One newborn born to a mother with positive placental IHC had the anti-SARS-CoV-2 IgG present, and one newborn of a mother with negative placental IHC for SARS-CoV-2 also had the anti-SARS-CoV-2 IgG. The research on anti-SARS-CoV-2 antibodies conducted by Bwire et al. focused on antibody transmission from mother to infant. In the study, 18.8% of infants born to positive mothers had elevated levels of anti-SARS-CoV-2 IgG/IgM antibodies, which makes the vertical transplacental transmission of antibodies possible, although rare [32]. Another study on infant anti-SARS-CoV-2 antibodies was described by Anna F. Cavaliere et al. [33]. They described a situation in which anti-SARS-CoV-2 IgG antibodies were present in infant blood and IgM antibodies were not.
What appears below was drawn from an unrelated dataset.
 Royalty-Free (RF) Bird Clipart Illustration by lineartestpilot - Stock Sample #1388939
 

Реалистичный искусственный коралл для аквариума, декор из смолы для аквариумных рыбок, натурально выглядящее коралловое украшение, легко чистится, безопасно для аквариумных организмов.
In the study described by Zeng, the RT-PCR results of newborn throat swabs were SARS-CoV-2 negative, IgG antibodies were detected, and IgM antibodies were not found in the infant’s blood [21].

Giannis et al. reported that abnormalities in a blood coagulation in SARS-CoV-2-positive mothers were found. All of the patients were receiving low-molecular-weight heparin [34]. The statistical significance was found when PLT 103/uL between subgroups was compared. Mothers with positive placental IHC had lower platelet counts than patients with negative placental IHC. The significantly lower platelet count noted by G.Lippi et al. was also identified in patients with severe disease [22]. Although no statistical significance was found when other laboratory results were compared, these two subgroups of women had slightly different outcomes.
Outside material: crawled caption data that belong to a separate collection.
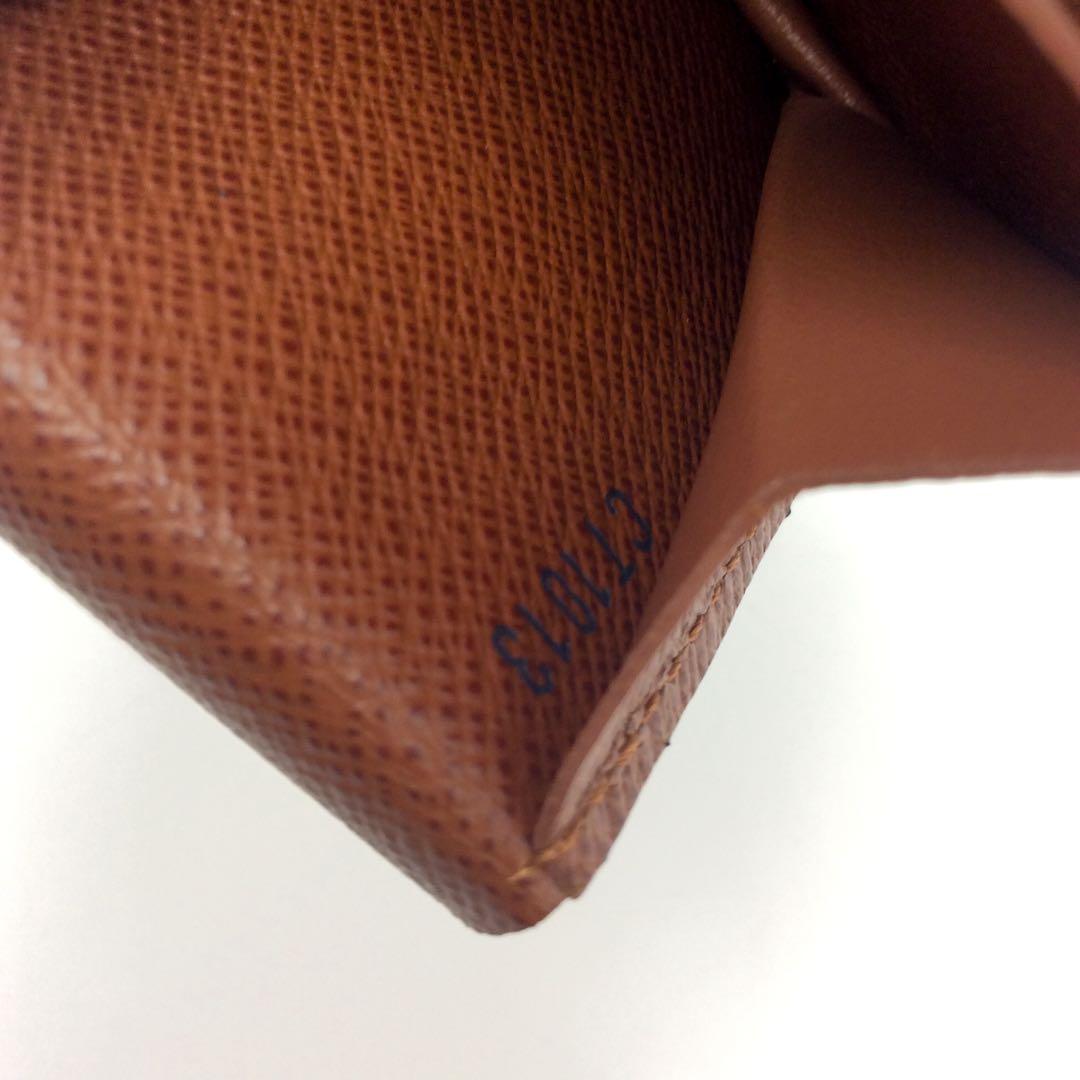 ルイヴィトン モノグラム 小銭入れ ケース グゼ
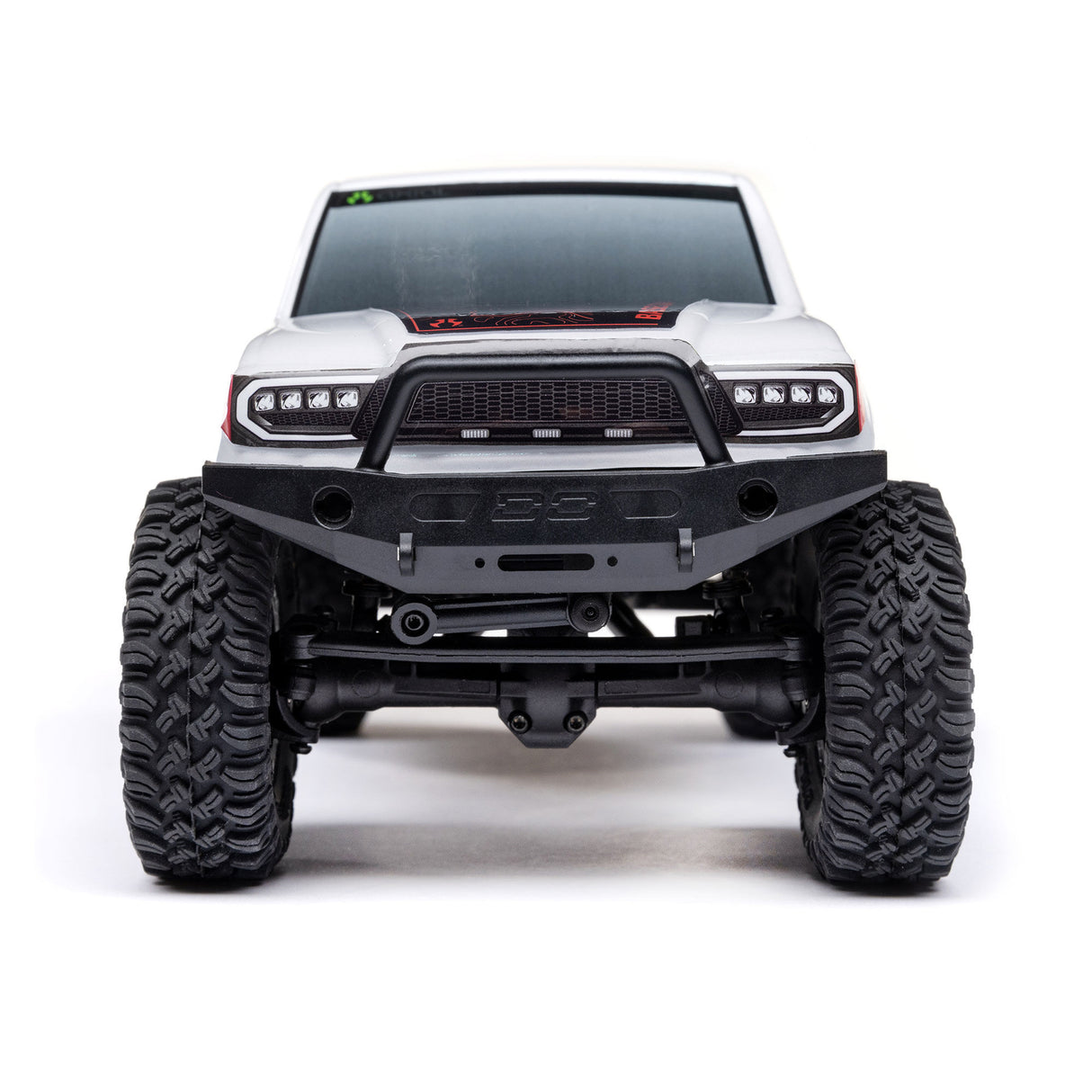 1/24 SCX24 Base Camp 4X4 RTR Brushed Rock Crawler (Battery & Charger Included)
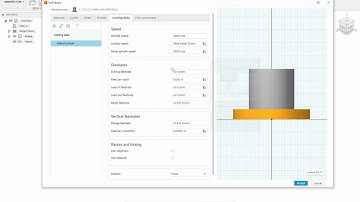 Fusion 360 - Adding a face mill to the tool library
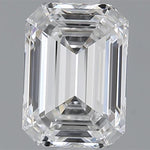 IGI 1.28 Carat Emerald Lab Grown Diamond 人工培育鑽石 實驗室人造鑽石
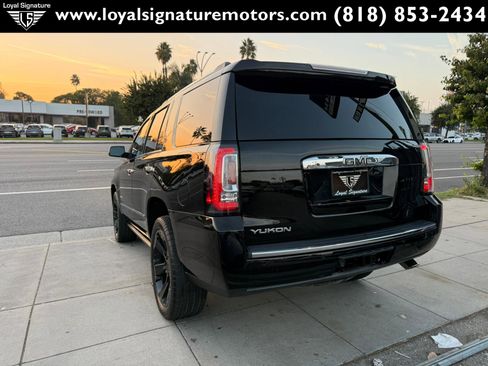 Used 2020 GMC Yukon Denali w/ Denali Ultimate Package image 5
The small sample size presented in our manuscript corresponds to other published studies on clinico-pathological correlations in SARS-CoV-2-positive pregnant women, where the number of analyzed cases varied from 1 to 33 [16,20,21,22,35]. According with the largest reported review comprising placental morphology lesions, to date, there were only 56 studies reporting histopathological findings on second and third trimester placentas, for a total of 1008 placental cases [12]. This gives 18 assessed placentas per study. Thus, the sample size in our study (n = 26 cases) was within the worldwide average. When including studies with SARS-CoV-2 infection in placental tissues proven by currently accepted standards and a proper morphological assessment, a total of only 36 placentas were globally reported on with the use of these requirements. Perinatal aspects of SARS-CoV-2 infection of pregnancy with correlating placental histopathological examination performed by a qualified perinatal pathologist were reported mostly in the case series. These data show that completing the reliable evidence about the association between maternal SARS-CoV-2 infection and placental function reflected in placental morphology is difficult and needs interdisciplinary efforts. We believe that this analysis will help to decrease the knowledge gap on the impacts of COVID-19 in pregnant women, and of maternal SARS-CoV-2 infection on the placenta and fetal/neonatal outcomes. Only growing evidence might help in facing the perinatal cases with this globally novel viral infection.

5. Conclusions

In conclusion, this study on maternal-neonatal outcomes and placental pathology correlations with SARS-CoV-2 immunoprofile analysis in placental tissues showed a strong association between proven placental infection and severe inflammatory placental lesions consistent with massive chronic histiocytic intervillositis in SARS-CoV-2-positive mothers, and low rates of vertical transmission. The presence of anti-SARS-CoV-2 IgG in sera of the newborns of infected mothers was not associated with the positive placental immunoexpression of SARS-CoV-2 antibodies. Further studies are warranted to confirm these findings in larger cohorts and/or prospective settings. They should be conducted in different populations with a comparison group of pregnant women without proven SARS-CoV-2 infection. Clinical data and placental pathology correlation might be substantial in the process of understanding the course of the infection, implications for intrauterine fetal condition, and potential risk for vertical transmission in SARS-CoV-2-positive women.